Perhaps the highlight for me was being invited to demonstrate our technique with an extremely small and ventilated baby. For the very first time ever, arrangements had been made to wheel in a normal adult bed into the neonatal intensive care unit of that hospital. This of course is how NICU’s are in Sweden , but a first here. One advantage of this is that it makes it easy to transfer the baby with its back up (called prone), and I was able to show how this was done without making the baby unstable in any way at all. In this instance we used father, and after a while he was able to stand up and walk around the bed, and hands free with baby sleeping firmly against his chest. Another reason for providing adult beds is that it makes it very easy for parents to provide long periods of time, even day and night continuous skin-to-skin contact.
Jill spoke to a small team working in the Neonatal Intensive Care in Grant Hospital on how to improve more skin to skin contact and developmental care on the parents chest, then drove with Linda to Dayton to speak to a group of her medical students at the new programme at the Wright State School of Medicine. It is important to get this new evidence out to the next generation of doctors!

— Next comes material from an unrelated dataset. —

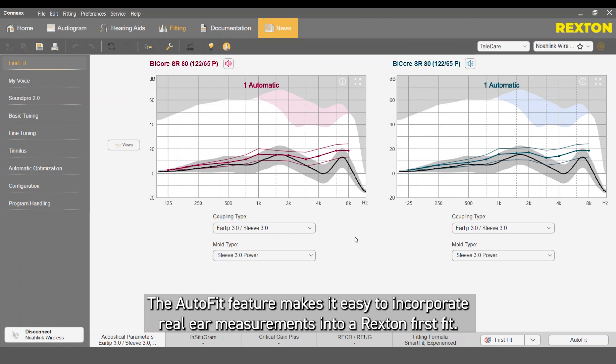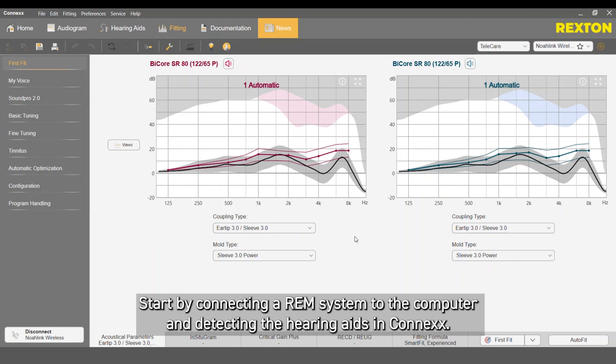The AutoFit feature makes it easy to incorporate real-ear measurements to a Rexxon FirstFit. Start by connecting an REM system to the computer and detecting the hearing aids in Connexx.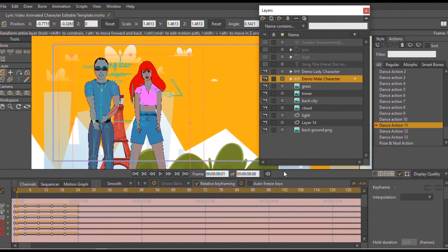You just input your music and render out so that your content comes out really quickly. I will be showing you how to customize your character in the next video.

Perhaps the highlight for her was the day in the studio in Columbus! The WIC program provides care to perhaps half of all mothers and babies in the USA, and in order to reach as many of them as possible, Jill did a recorded session specifically for mothers, and two recorded sessions to WIC staff in supporting mothers. She had prepared carefully, and rattled it all off in one go. When she had finished speaking the studio staff just sat engrossed and spellbound, forgetting to switch off their cameras and recorders!
The last day Dr Nikki Rogers drove Jill through snow to fetch Nils from Columbus and then all the way back to Cincinnati airport. Heavy snowfall was predicted so after having the aeroplane wings washed off and sprayed with antifreeze, we were rather relieved that we were able to leave safely before “snowmageddon” hit the town! Quite an experience when we as South Africans are not used to snow!